▸ **What you are asked to do**:
Count every line in the entries that holds the word "Modern". The reply is that count alone.

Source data
-=-=-=-=-

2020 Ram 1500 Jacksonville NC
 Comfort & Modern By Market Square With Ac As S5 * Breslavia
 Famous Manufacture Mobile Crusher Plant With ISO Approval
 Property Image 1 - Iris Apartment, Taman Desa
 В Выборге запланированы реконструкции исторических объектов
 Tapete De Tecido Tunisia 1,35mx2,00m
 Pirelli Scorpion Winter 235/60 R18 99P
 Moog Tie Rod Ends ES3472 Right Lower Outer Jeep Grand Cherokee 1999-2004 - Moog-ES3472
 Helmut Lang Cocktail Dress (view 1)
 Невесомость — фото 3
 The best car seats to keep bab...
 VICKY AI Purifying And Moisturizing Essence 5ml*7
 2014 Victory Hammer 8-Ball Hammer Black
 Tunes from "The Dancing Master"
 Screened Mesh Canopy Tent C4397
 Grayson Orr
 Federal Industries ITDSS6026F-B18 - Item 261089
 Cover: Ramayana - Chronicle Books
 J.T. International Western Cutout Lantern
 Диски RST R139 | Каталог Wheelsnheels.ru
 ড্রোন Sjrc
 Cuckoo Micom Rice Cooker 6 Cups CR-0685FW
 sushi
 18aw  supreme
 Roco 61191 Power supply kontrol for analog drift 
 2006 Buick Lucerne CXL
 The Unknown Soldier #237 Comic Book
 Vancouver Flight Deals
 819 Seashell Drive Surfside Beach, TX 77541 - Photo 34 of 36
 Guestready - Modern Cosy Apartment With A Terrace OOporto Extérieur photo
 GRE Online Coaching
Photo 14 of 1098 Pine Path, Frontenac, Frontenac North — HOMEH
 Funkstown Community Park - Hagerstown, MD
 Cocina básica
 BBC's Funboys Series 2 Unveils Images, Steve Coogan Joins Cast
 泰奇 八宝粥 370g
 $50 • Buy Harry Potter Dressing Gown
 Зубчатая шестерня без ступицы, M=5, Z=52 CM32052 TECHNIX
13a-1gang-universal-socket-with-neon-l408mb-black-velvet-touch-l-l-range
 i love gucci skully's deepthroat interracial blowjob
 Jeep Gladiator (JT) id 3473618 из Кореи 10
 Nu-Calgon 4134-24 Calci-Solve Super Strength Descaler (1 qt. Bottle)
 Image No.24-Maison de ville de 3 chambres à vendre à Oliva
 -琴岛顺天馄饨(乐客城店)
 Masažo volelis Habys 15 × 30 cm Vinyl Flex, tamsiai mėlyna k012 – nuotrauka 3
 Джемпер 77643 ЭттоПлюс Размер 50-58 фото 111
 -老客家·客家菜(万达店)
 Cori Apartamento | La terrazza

-=-=-=-=-

▸ **Completed task**:
2